Being in any honor society at Robinson requires a student to earn a certain number of volunteer hours in a particular subject area. For instance, senior Michidmaa Batzorigt explains how her participation in Spanish honor society has benefited her in several ways: “It was helpful to me to be able to tutor students while also earning volunteer hours; it also helped me practice my Spanish and become more fluent,” she says. For many students, this is the case; they join honor societies not only for the positive attributes it can contribute to their college application, but also how it benefits them while still in high school. 

“Generally, at large public universities, extracurricular activities will not have a particularly significant impact on your application.””

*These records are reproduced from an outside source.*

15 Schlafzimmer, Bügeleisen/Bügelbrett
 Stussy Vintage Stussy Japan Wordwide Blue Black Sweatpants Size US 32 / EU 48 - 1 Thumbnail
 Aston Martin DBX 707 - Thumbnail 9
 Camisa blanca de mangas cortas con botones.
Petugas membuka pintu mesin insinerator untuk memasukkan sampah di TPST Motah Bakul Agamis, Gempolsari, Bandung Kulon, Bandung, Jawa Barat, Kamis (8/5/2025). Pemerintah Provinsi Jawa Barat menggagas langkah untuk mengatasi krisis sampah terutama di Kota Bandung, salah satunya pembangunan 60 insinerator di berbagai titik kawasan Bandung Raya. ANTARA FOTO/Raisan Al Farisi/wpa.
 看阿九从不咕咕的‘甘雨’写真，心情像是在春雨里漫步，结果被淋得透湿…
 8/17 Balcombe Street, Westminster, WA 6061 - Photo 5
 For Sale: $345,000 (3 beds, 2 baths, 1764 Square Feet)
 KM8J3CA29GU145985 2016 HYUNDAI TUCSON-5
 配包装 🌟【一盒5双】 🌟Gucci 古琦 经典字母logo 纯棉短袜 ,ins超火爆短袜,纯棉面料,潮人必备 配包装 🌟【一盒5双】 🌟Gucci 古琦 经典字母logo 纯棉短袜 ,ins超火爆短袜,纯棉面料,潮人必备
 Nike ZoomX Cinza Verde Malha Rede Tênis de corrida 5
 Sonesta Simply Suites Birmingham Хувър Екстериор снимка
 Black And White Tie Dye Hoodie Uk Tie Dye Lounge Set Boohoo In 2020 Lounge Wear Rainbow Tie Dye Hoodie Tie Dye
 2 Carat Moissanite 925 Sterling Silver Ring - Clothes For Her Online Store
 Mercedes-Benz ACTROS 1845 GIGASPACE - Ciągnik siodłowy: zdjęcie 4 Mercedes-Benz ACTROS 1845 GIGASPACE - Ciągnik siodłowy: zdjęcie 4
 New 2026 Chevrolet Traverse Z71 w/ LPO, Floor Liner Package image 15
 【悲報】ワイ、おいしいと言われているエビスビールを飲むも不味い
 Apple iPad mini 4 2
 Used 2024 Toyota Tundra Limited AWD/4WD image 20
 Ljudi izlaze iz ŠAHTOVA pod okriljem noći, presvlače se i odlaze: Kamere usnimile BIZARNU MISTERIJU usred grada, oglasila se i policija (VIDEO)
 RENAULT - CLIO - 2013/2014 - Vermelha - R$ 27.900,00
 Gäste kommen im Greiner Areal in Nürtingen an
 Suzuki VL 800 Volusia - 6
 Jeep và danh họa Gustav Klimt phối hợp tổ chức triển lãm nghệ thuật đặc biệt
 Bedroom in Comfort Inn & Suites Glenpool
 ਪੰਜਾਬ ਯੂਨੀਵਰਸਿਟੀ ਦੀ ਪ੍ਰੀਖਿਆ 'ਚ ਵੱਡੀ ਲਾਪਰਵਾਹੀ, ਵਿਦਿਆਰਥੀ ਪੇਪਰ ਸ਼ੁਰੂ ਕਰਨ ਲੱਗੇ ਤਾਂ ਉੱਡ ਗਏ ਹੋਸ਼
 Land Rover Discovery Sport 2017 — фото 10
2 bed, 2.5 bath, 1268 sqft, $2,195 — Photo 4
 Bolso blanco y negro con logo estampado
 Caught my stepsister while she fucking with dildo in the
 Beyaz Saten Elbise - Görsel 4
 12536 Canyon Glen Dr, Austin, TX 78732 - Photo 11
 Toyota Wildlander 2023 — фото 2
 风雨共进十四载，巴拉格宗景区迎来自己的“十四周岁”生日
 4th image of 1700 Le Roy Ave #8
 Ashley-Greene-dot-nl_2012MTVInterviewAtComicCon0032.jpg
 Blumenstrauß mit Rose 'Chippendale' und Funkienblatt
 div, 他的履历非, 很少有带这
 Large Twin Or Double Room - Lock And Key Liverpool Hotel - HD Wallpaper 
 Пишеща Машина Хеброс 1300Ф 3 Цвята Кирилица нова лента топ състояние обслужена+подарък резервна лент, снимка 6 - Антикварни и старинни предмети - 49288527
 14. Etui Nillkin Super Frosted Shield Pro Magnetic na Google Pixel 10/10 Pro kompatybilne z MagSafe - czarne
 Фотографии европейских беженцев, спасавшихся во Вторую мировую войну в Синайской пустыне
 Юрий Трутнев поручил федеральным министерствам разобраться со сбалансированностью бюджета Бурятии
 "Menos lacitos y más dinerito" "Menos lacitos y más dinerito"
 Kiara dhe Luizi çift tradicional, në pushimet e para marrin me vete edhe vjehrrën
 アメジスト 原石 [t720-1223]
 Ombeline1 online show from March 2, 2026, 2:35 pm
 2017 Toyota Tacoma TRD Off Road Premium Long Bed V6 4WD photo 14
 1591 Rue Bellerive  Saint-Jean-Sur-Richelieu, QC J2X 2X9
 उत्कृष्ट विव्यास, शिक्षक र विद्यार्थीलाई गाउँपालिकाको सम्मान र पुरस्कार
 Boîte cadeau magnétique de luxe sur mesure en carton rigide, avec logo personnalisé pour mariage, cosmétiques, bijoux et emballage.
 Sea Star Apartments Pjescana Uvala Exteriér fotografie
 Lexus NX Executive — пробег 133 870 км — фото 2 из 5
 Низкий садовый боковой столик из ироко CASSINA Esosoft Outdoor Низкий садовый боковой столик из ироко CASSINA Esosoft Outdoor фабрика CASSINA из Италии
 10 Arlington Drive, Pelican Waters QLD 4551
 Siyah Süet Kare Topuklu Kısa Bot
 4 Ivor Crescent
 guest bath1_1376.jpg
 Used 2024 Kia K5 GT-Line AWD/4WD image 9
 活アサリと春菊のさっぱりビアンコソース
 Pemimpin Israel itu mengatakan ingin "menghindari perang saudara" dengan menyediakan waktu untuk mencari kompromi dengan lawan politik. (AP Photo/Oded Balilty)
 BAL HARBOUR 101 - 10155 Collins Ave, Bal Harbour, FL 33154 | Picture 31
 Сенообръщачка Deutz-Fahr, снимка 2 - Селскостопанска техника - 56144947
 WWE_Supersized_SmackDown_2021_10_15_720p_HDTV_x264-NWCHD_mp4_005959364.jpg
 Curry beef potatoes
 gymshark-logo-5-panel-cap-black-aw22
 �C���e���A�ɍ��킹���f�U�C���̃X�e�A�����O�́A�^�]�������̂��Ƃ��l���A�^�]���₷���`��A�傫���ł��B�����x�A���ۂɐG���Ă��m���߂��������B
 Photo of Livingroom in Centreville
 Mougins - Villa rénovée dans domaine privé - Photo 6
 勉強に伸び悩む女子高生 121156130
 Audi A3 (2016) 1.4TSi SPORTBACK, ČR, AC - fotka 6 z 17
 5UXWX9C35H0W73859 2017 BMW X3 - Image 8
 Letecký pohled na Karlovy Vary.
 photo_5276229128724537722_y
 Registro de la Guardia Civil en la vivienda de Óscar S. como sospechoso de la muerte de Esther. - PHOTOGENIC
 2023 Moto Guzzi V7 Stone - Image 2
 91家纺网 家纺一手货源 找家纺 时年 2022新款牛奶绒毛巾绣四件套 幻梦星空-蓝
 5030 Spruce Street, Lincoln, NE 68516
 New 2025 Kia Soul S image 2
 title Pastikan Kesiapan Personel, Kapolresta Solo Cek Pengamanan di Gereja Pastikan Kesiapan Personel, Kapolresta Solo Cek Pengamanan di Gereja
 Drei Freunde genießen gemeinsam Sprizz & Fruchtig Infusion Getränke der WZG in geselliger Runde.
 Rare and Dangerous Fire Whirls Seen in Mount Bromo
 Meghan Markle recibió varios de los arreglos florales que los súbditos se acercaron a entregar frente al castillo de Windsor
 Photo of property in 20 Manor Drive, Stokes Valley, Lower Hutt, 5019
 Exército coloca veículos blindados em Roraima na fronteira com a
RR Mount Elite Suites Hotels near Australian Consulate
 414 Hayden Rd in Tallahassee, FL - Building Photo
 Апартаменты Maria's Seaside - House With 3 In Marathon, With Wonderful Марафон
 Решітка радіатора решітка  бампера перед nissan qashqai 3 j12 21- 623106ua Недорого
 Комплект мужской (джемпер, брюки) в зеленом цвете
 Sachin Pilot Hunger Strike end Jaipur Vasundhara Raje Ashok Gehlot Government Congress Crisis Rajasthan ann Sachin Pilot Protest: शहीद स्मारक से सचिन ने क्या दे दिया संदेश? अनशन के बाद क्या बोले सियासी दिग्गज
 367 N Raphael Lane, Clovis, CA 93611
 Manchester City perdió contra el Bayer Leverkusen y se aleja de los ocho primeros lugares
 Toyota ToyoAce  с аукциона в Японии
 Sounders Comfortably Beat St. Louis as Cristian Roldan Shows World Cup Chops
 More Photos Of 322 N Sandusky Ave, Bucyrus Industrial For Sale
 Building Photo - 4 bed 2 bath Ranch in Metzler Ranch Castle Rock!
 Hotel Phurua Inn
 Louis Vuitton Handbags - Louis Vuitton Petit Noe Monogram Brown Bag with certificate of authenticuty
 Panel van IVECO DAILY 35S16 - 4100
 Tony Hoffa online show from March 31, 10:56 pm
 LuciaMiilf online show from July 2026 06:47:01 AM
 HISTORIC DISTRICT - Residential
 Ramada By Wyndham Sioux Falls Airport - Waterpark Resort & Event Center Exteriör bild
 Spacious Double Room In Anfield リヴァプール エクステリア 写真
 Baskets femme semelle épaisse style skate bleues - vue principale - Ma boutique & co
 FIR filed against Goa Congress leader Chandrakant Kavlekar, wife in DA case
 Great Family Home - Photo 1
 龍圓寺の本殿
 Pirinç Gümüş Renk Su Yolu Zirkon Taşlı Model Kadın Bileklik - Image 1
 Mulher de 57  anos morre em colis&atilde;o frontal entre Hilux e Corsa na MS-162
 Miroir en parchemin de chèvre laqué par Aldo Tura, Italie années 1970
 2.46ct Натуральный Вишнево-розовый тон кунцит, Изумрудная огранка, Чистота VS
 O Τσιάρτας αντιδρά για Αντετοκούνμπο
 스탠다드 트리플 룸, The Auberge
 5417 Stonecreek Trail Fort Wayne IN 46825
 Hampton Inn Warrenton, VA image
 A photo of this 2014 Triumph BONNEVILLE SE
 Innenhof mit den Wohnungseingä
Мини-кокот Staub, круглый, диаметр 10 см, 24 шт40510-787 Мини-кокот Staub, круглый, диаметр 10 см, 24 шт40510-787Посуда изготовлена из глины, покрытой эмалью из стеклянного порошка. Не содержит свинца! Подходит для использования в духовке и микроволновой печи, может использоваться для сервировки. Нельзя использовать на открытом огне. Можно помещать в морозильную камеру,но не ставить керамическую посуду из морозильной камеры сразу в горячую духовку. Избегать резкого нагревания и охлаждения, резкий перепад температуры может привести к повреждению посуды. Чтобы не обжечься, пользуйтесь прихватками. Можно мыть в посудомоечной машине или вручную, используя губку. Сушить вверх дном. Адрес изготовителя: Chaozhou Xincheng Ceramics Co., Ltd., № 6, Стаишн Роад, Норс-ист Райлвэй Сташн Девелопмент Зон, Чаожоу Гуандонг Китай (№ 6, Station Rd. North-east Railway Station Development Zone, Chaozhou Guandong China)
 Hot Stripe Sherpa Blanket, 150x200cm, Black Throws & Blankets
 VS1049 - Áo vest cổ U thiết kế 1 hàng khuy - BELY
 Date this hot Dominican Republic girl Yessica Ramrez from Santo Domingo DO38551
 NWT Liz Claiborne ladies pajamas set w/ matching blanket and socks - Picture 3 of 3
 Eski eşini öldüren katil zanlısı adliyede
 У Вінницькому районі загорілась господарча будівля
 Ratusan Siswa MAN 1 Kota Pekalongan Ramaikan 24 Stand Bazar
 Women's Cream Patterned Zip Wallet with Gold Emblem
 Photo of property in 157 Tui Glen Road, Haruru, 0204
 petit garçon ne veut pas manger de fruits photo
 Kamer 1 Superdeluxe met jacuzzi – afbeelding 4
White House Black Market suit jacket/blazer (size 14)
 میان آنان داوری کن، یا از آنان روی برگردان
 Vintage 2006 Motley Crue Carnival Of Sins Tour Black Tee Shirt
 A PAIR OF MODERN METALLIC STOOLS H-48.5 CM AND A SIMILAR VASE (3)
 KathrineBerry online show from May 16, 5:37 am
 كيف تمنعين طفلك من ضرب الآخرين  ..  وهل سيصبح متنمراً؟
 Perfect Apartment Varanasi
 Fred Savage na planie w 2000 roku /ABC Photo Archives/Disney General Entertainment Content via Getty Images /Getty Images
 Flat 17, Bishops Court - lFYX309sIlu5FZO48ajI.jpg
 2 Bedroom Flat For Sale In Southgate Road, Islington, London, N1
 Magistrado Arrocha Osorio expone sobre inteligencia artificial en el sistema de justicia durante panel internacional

— Anamaria Lopez via collegevine

Batzorigt highlights how she believes her involvement in honor societies helped to amplify her college application: “a lot of them ask about your involvement in the community, which I was able to answer thoroughly because of my involvement in these honor societies,” she states. For senior Sophia Pak, she notes that she had a similar experience in that her involvement in Math Honor Society and Science Honor Society has allowed her to connect with other students who share the same interests as her while also allowing her to gain her necessary service hours. “I was able to meet a lot of people that I wouldn’t have met through my regular classes, and I also go to tutor other students, which I actually really enjoyed,” comments Pak. However, the benefits of honor societies in the college preparation process isn’t one-dimensional. Pak, who was accepted into the University of Virginia, cites that although her involvement in these programs weren’t added to her college applications like Batzorigt’s were, her time spent in them will help her prepare for post-secondary life regardless. “My involvement has taught me to manage my time more since each society I’m involved in have different requirements that can take up a lot of time.” 

So, while some students might disagree on whether or not involvement in honor societies contributes to a university’s admissions decision, it’s clear that it makes a significant difference in a student’s high school experience. For students like Batzorigt, it can help to enhance skills in a particular subject area while also adding positive weight to a college resume. And for students like Pak, it can assist in gaining volunteer hours while requiring students to practice essential life skills like time management and daily planning.